Remove statistics of disabled (not deleted!) entities from recorder

Would be great to have this. Scenario:

  • I disabled a lot of entities which produced many thousand rows in the database (including statistics and statistics_short_term tables) which I want to remove now.
  • Note that I disabled them, they are not deleted. For reasons (e. g. to know the integration offers/offered this entity or maybe I decide to just re-enable the entity later).
  • Additionally I ran the recorder service “purge_entities” for the affected entities, but that still does not allow to delete the statistics using “fix it” button in dev-tools statistics section.
  • So all the corresponding statistics rows stay in the database, which are roughly 4.743 in statistics and 4.166 in statistics_short_term - per entity.
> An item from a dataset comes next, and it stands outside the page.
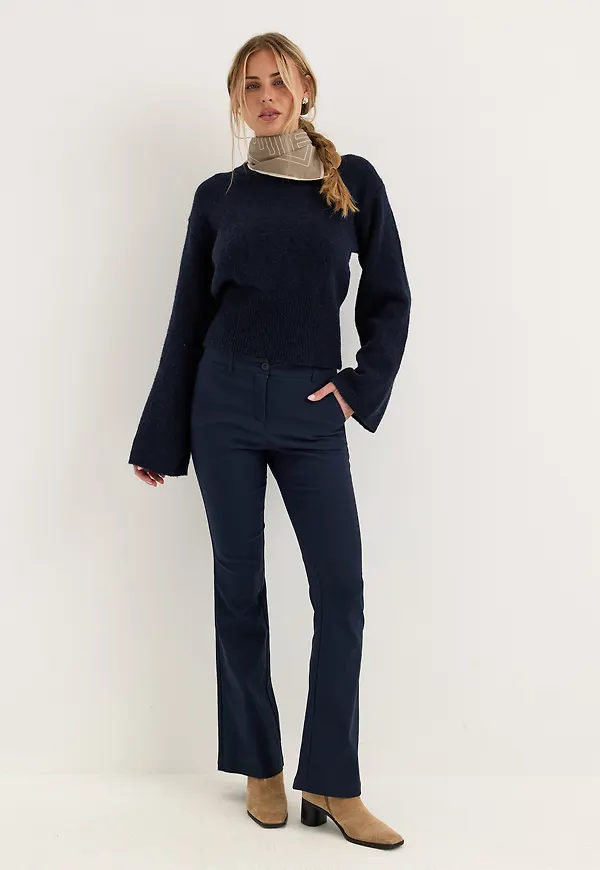 Mid Waist Stretchy Flared Trousers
Overview of current situation (scenarios and options as known to me after digging into this for six hours) when it comes to database hygiene and size reduction, where this feature request aims at scenario #4:

  1. :white_check_mark: Delete the statistics of single deleted entities:
    simply use the “fix” button in the dev-tools statistics section

  2. :x: Delete the statistics of multiple deleted entities:
    not easily possible currently, see this feature request Implement a "Fix All" button in "Developer Tools > Statistics" to remove orphaned IDs · Discussion #12644 · home-assistant/frontend · GitHub plus this feature request Removing statistics of deleted devices in one click
    (it is possible by doing all of this in the backend which is quite risky: Statistics - Fix Issue - large amount of data - #3 by vinzcenzo)
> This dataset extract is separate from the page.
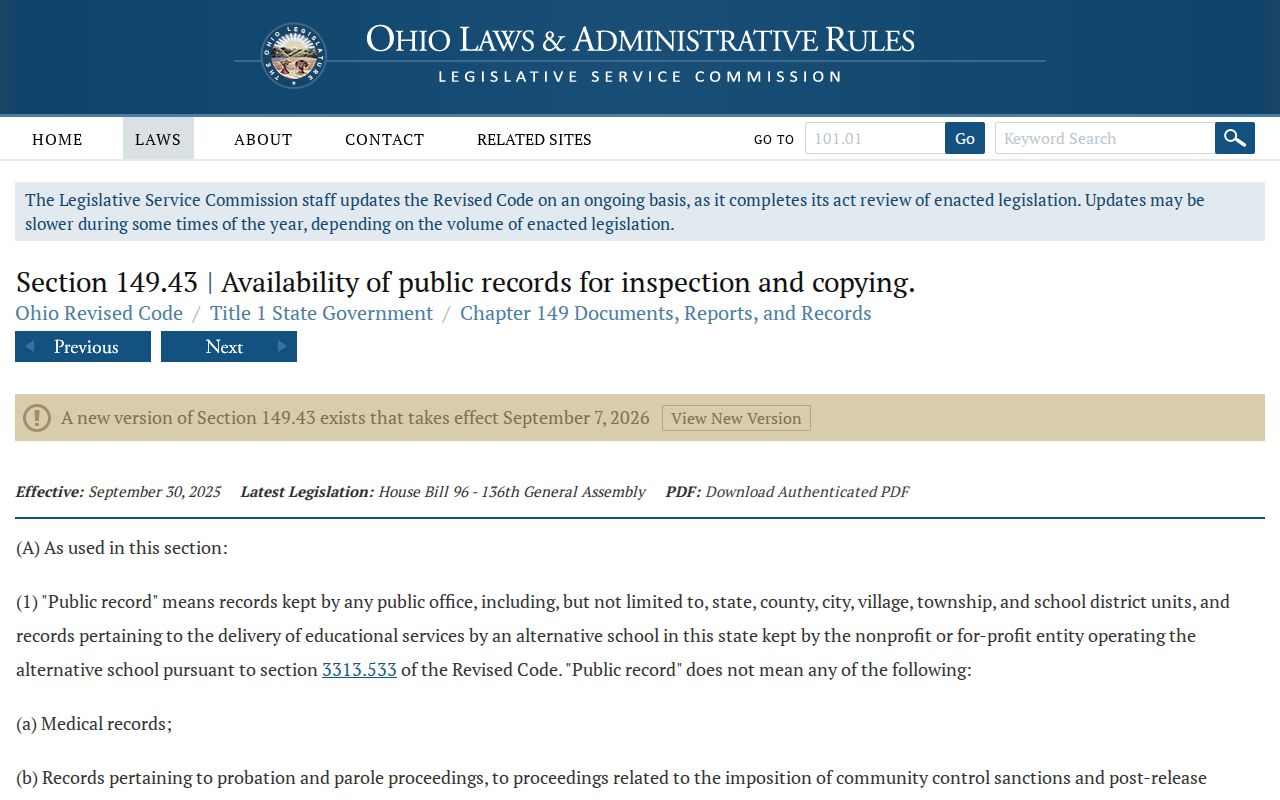 Miami Township residents directory Ohio Public Records Act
  3. :white_check_mark: Delete the state and events of single entities:
    use purge_entities service of Recorder - Home Assistant

  4. :x: Delete the statistics of single or multiple disabled (not deleted!) entities:
    not easily possible currently, see proposed solution for this below
    (it is possible by doing all of this in the backend which is quite risky: Statistics - Fix Issue - large amount of data - #3 by vinzcenzo)


Proposed solution (depending on how easily this should be accessable to normal users):

  1. Either add option in dev-tools statistics section similar to the existing one but enable it for ALL statistic entities, not only the deleted ones.
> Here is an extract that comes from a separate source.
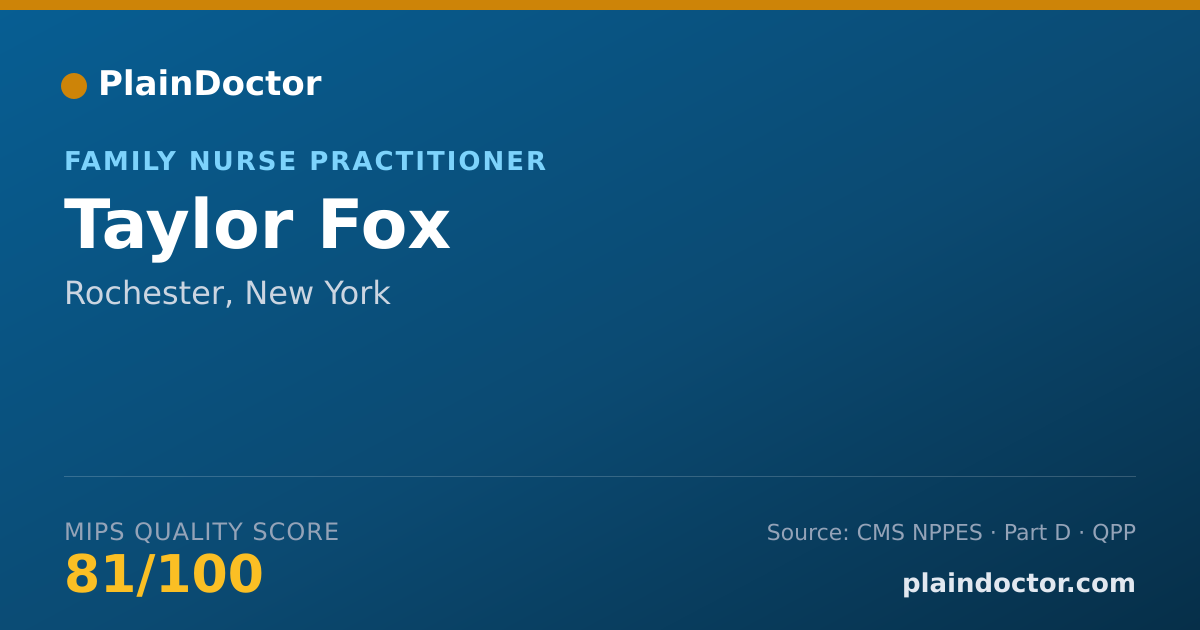 Shareable card for Taylor Fox - Family Nurse Practitioner, Rochester, NY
  2. Or add a recorder service like the existing one Recorder - Home Assistant but for statistics tables instead of states and events, e. g. service recorder.purge_statistics.

I would be very happy with the service option in 2 already, even I would need to run that service for every single entity.

Addendum:

Running this (from @vinzcenzo / Statistics - Fix Issue - large amount of data) in your database gives you an overview of affected entities.

    SELECT
    	CASE WHEN entity_id IS NULL
    		THEN 'Orphaned'
    		ELSE 'OK'
    	END Issue,
    	entity_id,
    	statistic_id
    FROM	(
    		SELECT
    			b.entity_id,
    			a.statistic_id				
    		FROM
    			statistics_meta a
    		LEFT JOIN 'states' b
    			ON a.statistic_id = b.entity_id
    		GROUP BY
    			a.statistic_id -- we want to avoid duplicates
    		)
    ORDER BY Issue DESC;

and this gives you the number of affected entities:

SELECT COUNT (*) AS "Orphaned statistic entities"
FROM	(
		SELECT 
			b.entity_id, 
			a.statistic_id				
		FROM 
			statistics_meta a
		LEFT JOIN 'states' b 
			ON a.statistic_id = b.entity_id
		GROUP BY 
			a.statistic_id -- we want to avoid duplicates
		)
WHERE "entity_id" IS NULL;

grafik

Also kind of related to Disable long term statistics?! - #13 by erik3

TL;DR someone thinks this is not a problem, as there is still space on the disk.

:joy:

I read that topic and get what you mean. Funny to read as the team put quite some effort into reducing database sizes this year e. g. by creating states attributes tables etc… See release notes of I think beginning with 2022.3.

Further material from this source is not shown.